Nice try, but the Japanese sales figures clearly show the devastating DS smackdown on the PSP, which makes the graphic at right well deserved.
What's interesting to note about the second interview is how the message regarding the PS3 has changed. Tretton says, "We don't expect nor do we need everybody to embrace the [PS3] technology from day one. But I think what we're saying with PS3 is that this is the machine that is going to drive gaming for the next ten years and this is the machine that you need to own and that will be valid and up to snuff from a technology standpoint for the next decade."
The marathon approach is probably the best posture for Sony to take regarding the PS3 launch, given that it will take at least a year for Sony to develop any semblance of a good foothold in the market -- and that's if consumers eat up every PS3 on the shelf. Of course, the Xbox 360 will have a two-year head start by that point and the Wii will attempt to saturate the market in the coming year with a more consumer-friendly price point.
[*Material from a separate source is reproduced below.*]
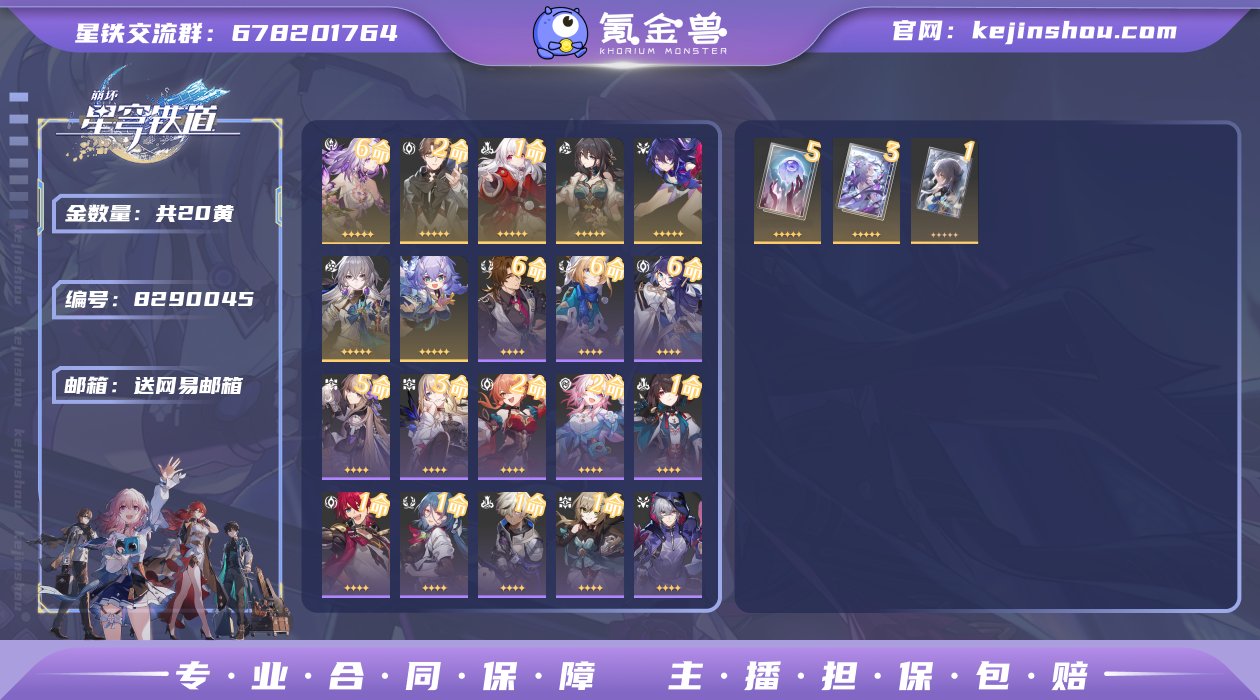 邮箱: 送网易邮箱 开拓者性别: 女 总黄...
Will publishers buy into Sony's long term approach of investing in a console that will take a year to really get up and running when there are viable alternatives?
Tretton's own words might make you think otherwise: "I think the publishers, God bless 'em ... I think if you look at their best interests or what they'd like to see, they'd like us to give the machine [PS3] away because they're not interested in whether we're able to generate revenue or not; they just want to sell as much software as they can. And I think as a consumer we'd like to get it for free or 99 cents and that's just not realistic."
Neither is the belief that the PSP is defeating the DS, but Tretton obviously doesn't need to deal with reality. Would somebody please get Dave Karraker, SCEA's new PR guy, up and running to spin a viable and realistic message for the company suits to follow?